The late Highlife Legend Jewel Ackah
Veteran Ghanaian highlife musician, composer and producer, Jewel Ackah, has died at the age of 73.
The death of Jewel Ackah brings to six the number of showbiz personalities who have passed on to glory this year.
They include C.K Mann, Ebony Reigns, Super OD, Fiifi Khan Agyarkwah (former administrator, Musicians Union of Ghana (MUSIGA) and William Asiedu (music producer).
Known for the hit songs such as ‘Adee Oyede’, ‘Mesan Mako Mekyi’, ‘Kyere Mase’, ‘Asomdwoe Hene’, ‘Jesus’, ‘Manye Yie’, ‘Me Dear, among others, Jewel Ackah died at his Tema Community 11 residence last Friday, April 27 at about 7:00pm.

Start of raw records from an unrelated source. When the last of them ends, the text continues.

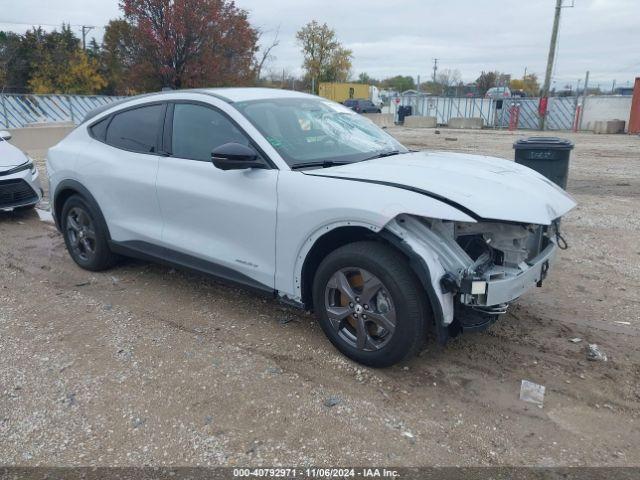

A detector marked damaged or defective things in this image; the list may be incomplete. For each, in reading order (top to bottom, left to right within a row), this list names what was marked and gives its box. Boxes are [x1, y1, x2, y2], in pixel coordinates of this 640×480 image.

crushed hood [0, 140, 28, 170]
crushed hood [304, 150, 576, 225]
damaged front end [382, 214, 564, 342]
detached front bumper [460, 240, 556, 308]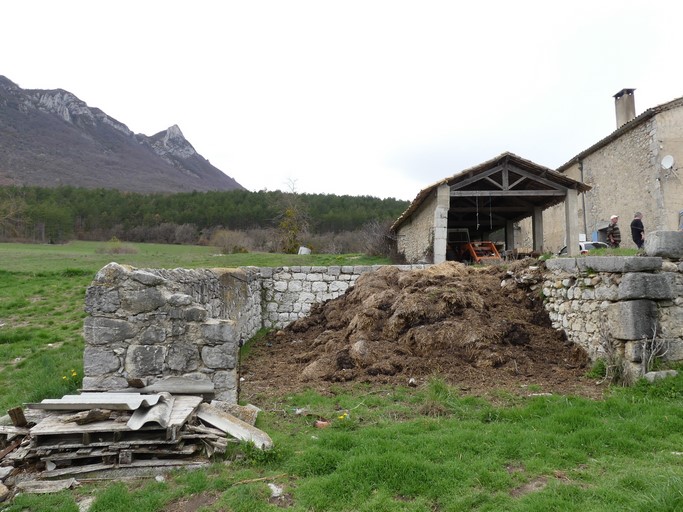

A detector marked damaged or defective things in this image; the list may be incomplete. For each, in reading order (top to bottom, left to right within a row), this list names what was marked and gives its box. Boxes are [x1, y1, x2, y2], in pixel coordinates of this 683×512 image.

broken wooden plank [26, 392, 165, 412]
broken wooden plank [195, 404, 272, 448]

Reports available indicate that the veteran musician has for the last decade been battling stroke and other ailments, which caused his face and body to bloat.

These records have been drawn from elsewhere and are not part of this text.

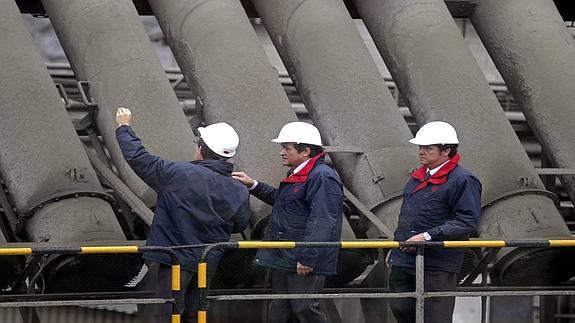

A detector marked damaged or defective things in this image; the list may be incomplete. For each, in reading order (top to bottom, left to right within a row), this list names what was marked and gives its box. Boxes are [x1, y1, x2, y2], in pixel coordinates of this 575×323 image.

rusty metal surface [40, 0, 198, 208]
rusty metal surface [146, 0, 300, 224]
rusty metal surface [252, 0, 418, 237]
rusty metal surface [470, 0, 575, 205]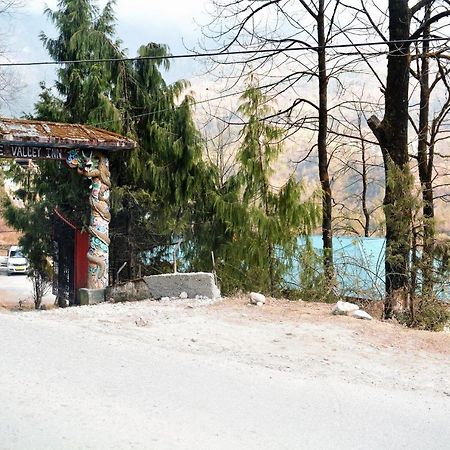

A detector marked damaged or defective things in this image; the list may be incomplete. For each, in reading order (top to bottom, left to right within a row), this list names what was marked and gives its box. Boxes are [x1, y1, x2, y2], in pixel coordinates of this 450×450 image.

rusted roof [0, 116, 135, 151]
broken concrete [143, 272, 221, 300]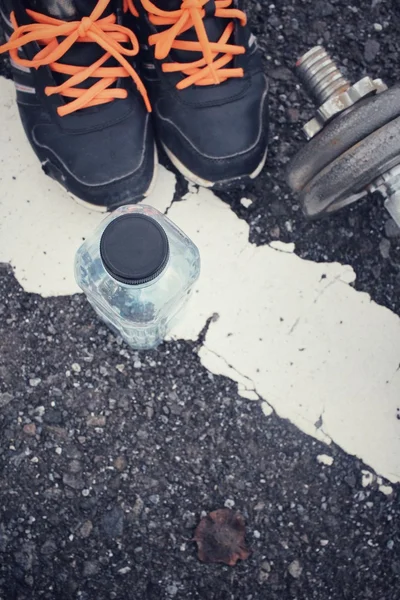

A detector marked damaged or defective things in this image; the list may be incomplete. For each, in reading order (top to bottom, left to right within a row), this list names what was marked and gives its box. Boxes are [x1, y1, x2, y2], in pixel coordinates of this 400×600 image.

rusty dumbbell [288, 47, 400, 227]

He was discharged from the 37 Military Hospital in Accra two weeks ago because he could not walk and talk and his condition was getting worse.
The late highlife musician, who composed the popular National Democratic Congress’ (NDC’s) anthem, ‘Arise’, before his untimely death claimed that he did not receive support from the party after all the years of sacrifices for the party. He also accused the NDC of neglect.
With over 27 albums to his credit, the highlife musician didn’t just produce hit songs but also nurtured many musicians in Ghana, and he is credited with giving several musicians their big break.
Jewel Ackah, who in 1974 released his first album titled ‘Gyaki Mea,’ worked with a number of prominent highlife musicians such as Ebo Taylor, Elgrand Kwofie, C.K. Mann, Jos Akins, Pat Thomas and a host of others.
He also teamed up with Pat Thomas to record the song ‘False Lover’ in 1974 after the release of his first album.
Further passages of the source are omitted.